Not enough demand to justify building more 3-bedroom condos, says developer
18 January 2018
Should Calgary follow in the footsteps of New Westminster and mandate
real estate developers to build a certain percentage of three-bedroom
condominiums? That's an idea being floated by Calgary Coun. Gian-Carlo
Carra that's generated buzz on social media.
On Thursday, real estate developer Chris Ollenberger spoke to David
Gray on the Calgary Eyeopener to present his perspective on the idea.
Q: What's the No. 1 factor?
A: Land price is the No. 1 input to any dwelling unit, actually, within
the city of Calgary and most North American cities. Beyond that are the
usual construction costs: financing charges, interest, profit and
regulatory costs imposed by government on housing.
Q: Why would three-bedroom condos be more expensive to build than two-bedroom ones?
A: I'm going to be very simplistic.
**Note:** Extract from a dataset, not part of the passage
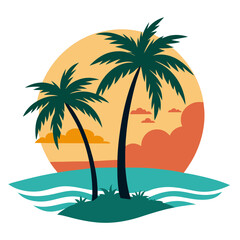 Tropical Beach Scene Watercolor Silhouette Vector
Picture an apartment building as a
tall rectangle. You have a base number of things you have to build no
matter what, before you even install the first unit. You have to buy
the land. That's biggest cost input. You have to build a parkade,
generally, so you're going down into the ground, [where] each stall
[costs] $40,000 to $60,000 per stall.
You have [to pay for] the elevator core, service shafts, stairwells,
emergency systems, life safety systems, heating systems, cooling
systems, the whole concrete structure if it's a concrete building or
wood frame building otherwise. Before you've even built a unit, there's
a very large sunk cost.
'The most efficient way to use that rectangle'
Now the most efficient way to use that rectangle I described earlier …
[is to] have units that are squares to fit in our square building, [so
that] they can occupy all of that space very efficiently. That's how
you get your lowest-cost unit. Now as you articulate buildings, and put
in dips and dives and things like that — because politicians want to
make them look prettier, and the market wants to see a better looking
building as well — you have to work around columns, you have to work
around the concrete core base. Now you're trying to manipulate
different shapes within that building in order to make them fit.
Three-bedroom [units] are the hardest to make fit.
Q: Is there a way to cut something to make them more affordable? Like, say, parking?
A: Parking is one way we could potentially look at (saving money).
There are a number of municipalities in Alberta that assign parking
ratios by bedroom count. Calgary does it slightly differently. It's
very common to have parking assigned by bedroom count—so on a
three-bedroom, you just added $60,000 for an underground stall. Even a
surface stall is probably five to $10,000, depending on land price.
'That's a conversation that might be very encouraging to have'
Q: Is there any hope for this idea?
A: We could certainly look at density bonusing — for example, if
a developer could say [to the city], "I will build more three-bedroom
apartments in my building. Will you give me more density, more floors
to build that on?" That's a conversation that might be very encouraging
Q: Is there a market demand for this product?
A: I would say there isn't tremendous demand. There's a lot of people
in Calgary that would like to raise a family in the inner city — but by
far and away most people's preferences are for ground-oriented product.
Whether it's a duplex, a townhouse or a single family [unit], because
it avoids the whole parkade, [and] condo fee, which adds to the monthly
cost that you have to pay — things like that.
The number of people out there looking for a three-bedroom
apartment/condo in a tower I'd say is relatively limited in a market
like Calgary, which is why you don't see many of them built. They're
more expensive to build and harder to sell.